- **Data for the task**

=== Section Start ===

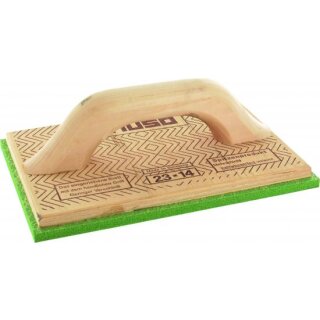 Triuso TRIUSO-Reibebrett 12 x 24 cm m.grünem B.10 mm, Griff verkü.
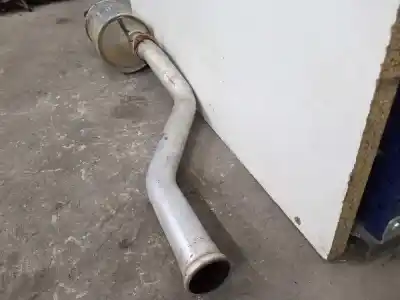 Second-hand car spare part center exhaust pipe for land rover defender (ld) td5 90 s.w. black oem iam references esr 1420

=== Section End ===
=== Section Start ===

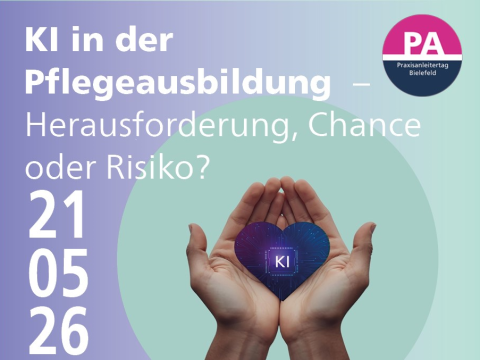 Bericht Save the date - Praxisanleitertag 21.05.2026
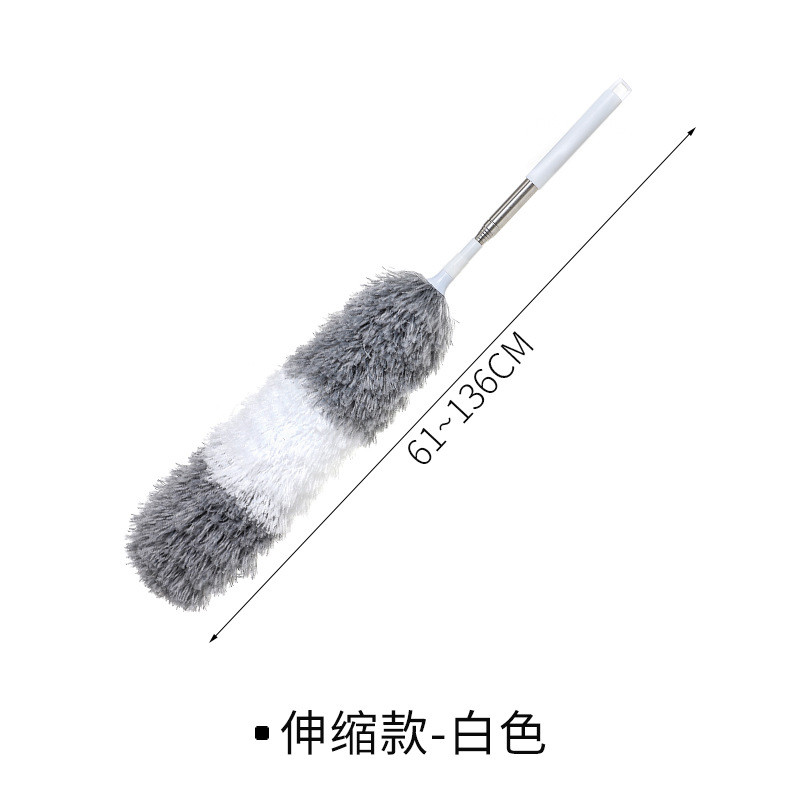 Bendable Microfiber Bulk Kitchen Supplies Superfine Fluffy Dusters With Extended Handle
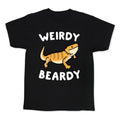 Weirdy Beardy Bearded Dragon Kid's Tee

=== Section End ===

- **Action item**
Would you transcribe the lines above exactly, going from the line bearing "Triuso TRIUSO-Reibebrett 12" through the line bearing "Second-hand car spare", and drop the pictures from the copy?

- **Worked solution**
 Triuso TRIUSO-Reibebrett 12 x 24 cm m.grünem B.10 mm, Griff verkü.
 Second-hand car spare part center exhaust pipe for land rover defender (ld) td5 90 s.w. black oem iam references esr 1420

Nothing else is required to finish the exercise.